The extensive Metropolitan Museum’s exhibition of Michelangelo’s Drawings, culled from over 23 sources throughout the world, was my primary purpose in coming to New York City. The private tour I took will follow in a separate post.

…seems it sometimes rains in Southern California…

Coming from Northern California to Southern California and finding drippy rain is a real downer. We Northerners never dispute the better weather LA gets…but what happens when it rains an entire day, causing plans to change and the wet weather gear to be pulled out…when it’s supposed to be an endless summer kind of town!?!

San Francisco rises to the ratings meteorically as a result. Better public transit, food, art, museums. Hands down. We don’t even have to make apologies for the fog this way.

Nevertheless, I continued my independent sketching exercises at the LA County Museum today. A painting of sketchers in an art studio gave me inspiration:


Despite a host of Chagalls, Monets and other famous artists, we focused this time instead on a fine collection of German Expressionists.

Each time I explore this period of modern German art, I learn new means and methods for this group. I am drawn to them, not only because I am learning the German language, but because the techniques and emotional content speak to me.

They may even  seem a bit primitive (as in the large wooden sculpture in the featured image above), but apparently this particular artist studied the people and art in Palau, an island in the S. Pacific. Many of the artists have been displayed in museums I have visited in Germany, Chicago, and New York. Particularly those derived from the Bauhaus movement in Weimar and Dessau are represented(Feinnger), but also artists from Die Brücke movement or the Dresden artists were included.

Our antidote to wet days in LA was dining in two restaurants: a new one in the Arts District called Manuela, and an old favorite, Carlitos Gardel.

Manuela displays original artwork, including this mural by Raymond Pettibon.



Gettin’ it at the Getty

During this January’s post-holiday doldrums, we switched plans from an icy drive to Utah in favor of an old-fashioned schlep from San Francisco to Los Angeles. To clue in my international friends, SF-LA is about 400 miles away and it takes about six hours direct by Interstate 5 through the Central Valley.

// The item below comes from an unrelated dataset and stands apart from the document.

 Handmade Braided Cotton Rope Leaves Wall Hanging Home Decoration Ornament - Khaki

I had forgotten how easy it is to travel by car. Instead of minimizing and condensing all my baggage and items to be packed like I normally do for international travel  (I usually pack months in advance of a world trip to test out everything), I could really slob out, be disorganized, and rely on last-minute tosses of extra shoes, jackets, snacks, etc. into the car. I’m not sure I like traveling this way, but why not?

We chose to take the more leisurely Hwy. 101 route. After two-hour drives between restful overnight stops in Aptos and San Luis Obispo (SLO stands for Slow Traveling), we beelined for the Getty Museum in LA. My primary goal for coming to Southern California this time was a drawing session at the Getty Museum on a late and lazy Sunday afternoon.

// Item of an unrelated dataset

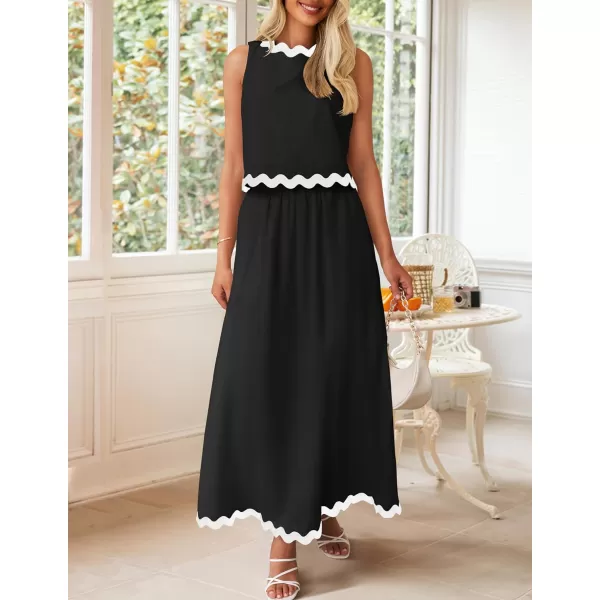 imageZESICA Womens 2024 Summer Two Piece Sets Casual Sleeveless Tank Top and A Line Flowy Maxi Skirt Vacation OutfitsBlack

Once introductions were made, the art guide supplied us with pads, paper and written drawing tips for mark-making. The mixed crowd of all ages, both men and women, quickly learned how to hold a pencil six different ways, the benefit of hatching, and how to express emotions.

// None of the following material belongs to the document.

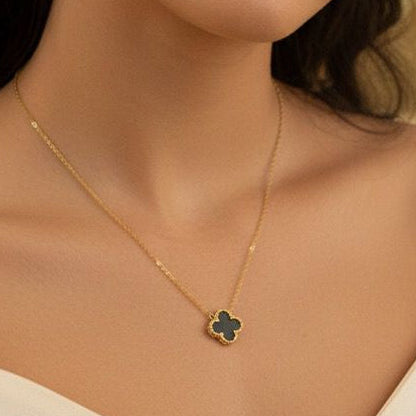 Gold Clover Pendant Necklace – Elegant Beaded Design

I was very impressed with the results of other participants. (See group review, above). A first timer but professional photographer clearly had his lighting nailed. If you are looking for a way to spend a satisfying, fun and active afternoon at a world-class museum, this is highly recommended.

Drawing in a gallery with all the masters is a bit daunting, but it’s much easier in the company of others. After observing sketchers in a few other museums that I visited (the latest at the Art Institute of Chicago), I was ready to try some drawing myself. Below is the result of a bust I attempted.